In Revelation 19, John visualizes the conflict between Heaven and Hell as though it was a battle between two great armies. Of course, Revelation is book written predominantly in metaphor so no one should anticipate an actual Lord of the Rings style fight between spiritual forces, but the words do mean something. What do they mean?

And I saw the beast, and the kings of the earth, and their armies, gathered together to make war against him that sat on the horse, and against his army.

And the beast was taken, and with him the false prophet that wrought miracles before him, with which he deceived them that had received the mark of the beast, and them that worshipped his image. These both were cast alive into a lake of fire burning with brimstone.

Revelation 19:19-20

John says that the Devil is making his last stand. He gathers an army intending to “make war” (have an all-out battle) against Christ.

Spoiler alert: He loses.

The beast is “taken,” John says. In keeping with the military/wartime illustration, the Devil will try one final battle but he’ll be taken captive and his army will crumble without him.  Everyone who made war against God will be “cast alive” into a lake of fire burning with brimstone. Interestingly, in the next chapter, John will call this “the second death” (ch20:6, 14), yet here he saw the guilty will be “alive” when they suffer this “death.” What is a living death? It’s an eternal separation. Those who deny the eternality of Hell would do well to read this chapter; the warning of it is prevelant throughout the text.

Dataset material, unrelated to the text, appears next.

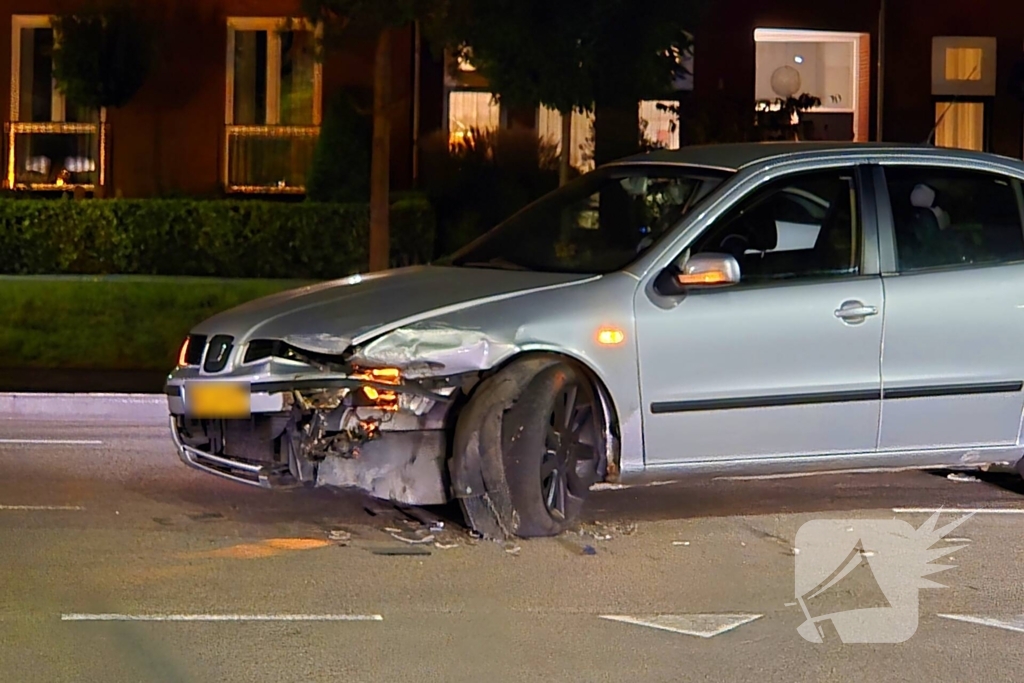 Voertuigen botsen op kruising, politie opzoek naar bestuurder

Hell is real, it is for the Devil and those who sided with him against God, and it is never-ending.

And the remnant were slain with the sword of him that sat upon the horse, which sword proceeded out of his mouth: and all the fowls were filled with their flesh.

Revelation 19:21

Usually the word “remnant” is used in Scripture to refer to God’s faithful few who live among a majority of wickedness. Here, however, the context is of those who remained in the Devil’s army after the beast was captured. John is just taking his metaphor/illustration to its logical conclusion. The beast and his army made war, God captured the beast and slew the remnants of his army with His holy sword and left the carcasses to the buzzards.

But here’s where it gets interestnig. Take the metaphor and break down the elements…

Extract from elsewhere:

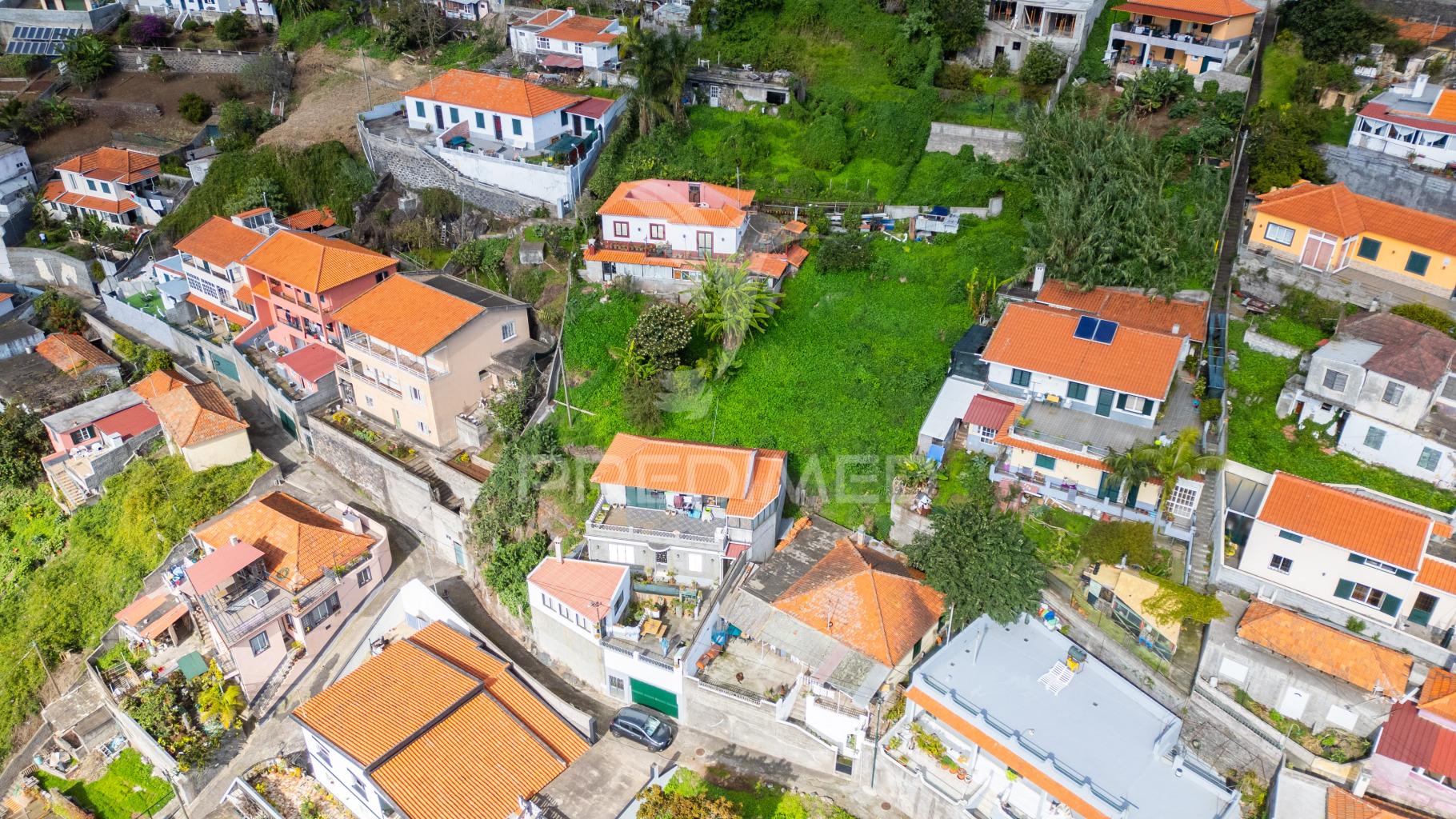 Terreno urbano com vista mar, no livramento, funchal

How is the remnant of evil defeated? With Christ’s Sword.

What is Christ’s sword? It’s His Word.

So how is evil overcome? How do we win? How is Satan defeated? Through the power of the Word of God.

We’re not called to wage a “holy war” like the Roman Catholics did during the Crusades or like Muslim zealots do today. We’re called to wield the Sword of the Spirit (Ephesians 6:10-17) and fight against sinners with the power of the Gospel. We win when we convert, not when we kill.

God will take care of Empires of evil; He will raise them up and knock them down according to the pleasure of His good will. All we need to worry about is being faithful to Him, staying in His army, and taking the Gospel out to the world. Every time we convert a soul we take one more solider away from the Devil.

That’s a military conquest we all can get behind.